Da ist Leidenschaft im Spiel. Neunzig Minuten - und alle Tragik der Welt, Trauer, Freude, Glücksgefühl, Wut und Euphorie, das alles ereignet sich zwischen An- und Abpfiff.

Fußball ist intensiv, lässt einen sich selbst vergessen, hat mitunter ekstatische Züge und ist vergleichbar mit den Ereignissen zu Pfingsten. Fußball hat eine theologische Dimension!

Fußball und Religion entwerfen Bilder von einem besseren Menschsein.

Beim Fußball sind die Spielregeln einfach und einsichtig. Sie müssen eingehalten werden. Fouls werden bestraft. Es geht um Gerechtigkeit, um Fairplay. Dafür steht ein Schiedsrichter.

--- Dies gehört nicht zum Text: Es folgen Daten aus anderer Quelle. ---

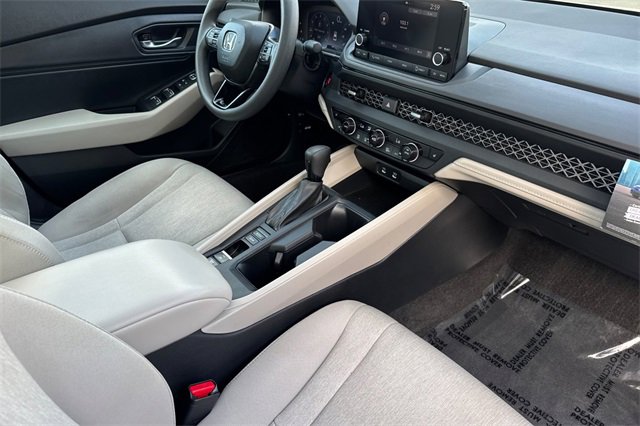 Certified 2023 Honda Accord EX image 18
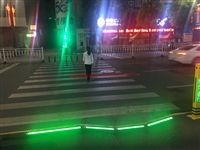 红绿灯发光埋地灯行人过街系统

Jeder weiß - und zwar auf der ganzen Welt - was beim Fußball zu tun ist und was zu lassen. Fußballspielen kann man auch mit Leuten, deren Sprache man nicht einmal versteht. Deshalb ist Fußball universal, ökumenisch und völkerverbindend.

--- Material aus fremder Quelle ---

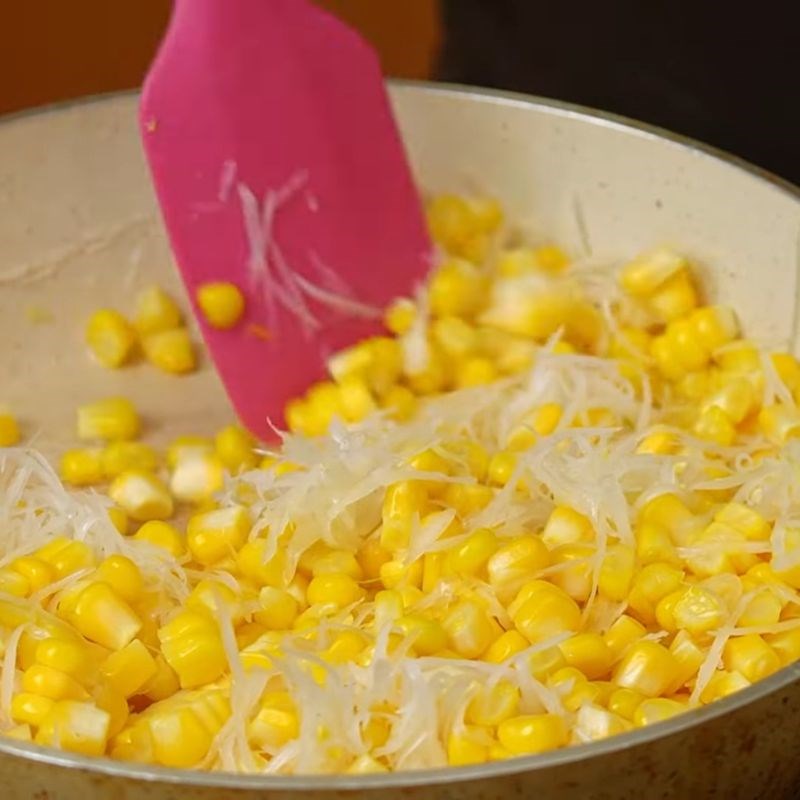 Bước 3 Xào hạt ngô và dừa sợi Xôi ngô ngọt nước cốt dừa bằng xửng hấp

Das Spiel lehrt auch, sich zu begrenzen. Denn der Ball darf nur mit den Füssen und mit dem Kopf berührt werden. Nicht aber mit den Händen. Keiner muss über alles verfügen. Es gibt Menschen und Umstände, die meinem Zugriff und Einfluss entzogen sind.

"Das Stadion ist der Ort höchster Freiheit", meint Ivica Osim, der Fußballprofessor aus Sarajevo und Trainer von Sturm-Graz. Fußballstadien sind für ihn so etwas wie moderne Kirchen. "Da zählt weder Einkommen, Herkunft noch die soziale Stellung... Frustrierte sitzen neben Euphorikern, Seidenkrawatten neben Polyesterhemden, Frauen neben Männern."

Fußball ist klassenlos. Es braucht keine materiellen oder gesellschaftlichen Voraussetzungen. Zugang hat ein jeder. Wer will, kann auch mit einer Blechdose im Hinterhof spielen. Oder auf einer Wiese mit zwei Baumästen als Tor.

Fußball ist auch Spiegel der Gesellschaft: Da spielen Geld und Macht eine Rolle, Gewinn und Eitelkeit. Rassismus herrscht auch auf grünem Rasen! Gewalt bricht aus in allen Stadien. Und es wird getrickst, gelogen und betrogen. Fußball ist immer auch ein Gleichnis für die Welt.

Trotzdem: Fußball nährt die Hoffnung auf Freiheit, Gleichheit und Geschwisterlichkeit. Nichts anderes ist auch die Hoffnung der Christen.

Ob Gott rund ist? Ich weiß es nicht. Ich spiele nicht Fußball.

Und zum Fernsehen komme ich auch nicht. Aber vom Umgang mit dem runden Leder will ich gerne lernen. - Und dann genau prüfen, woran ich schließlich mein Herz hänge.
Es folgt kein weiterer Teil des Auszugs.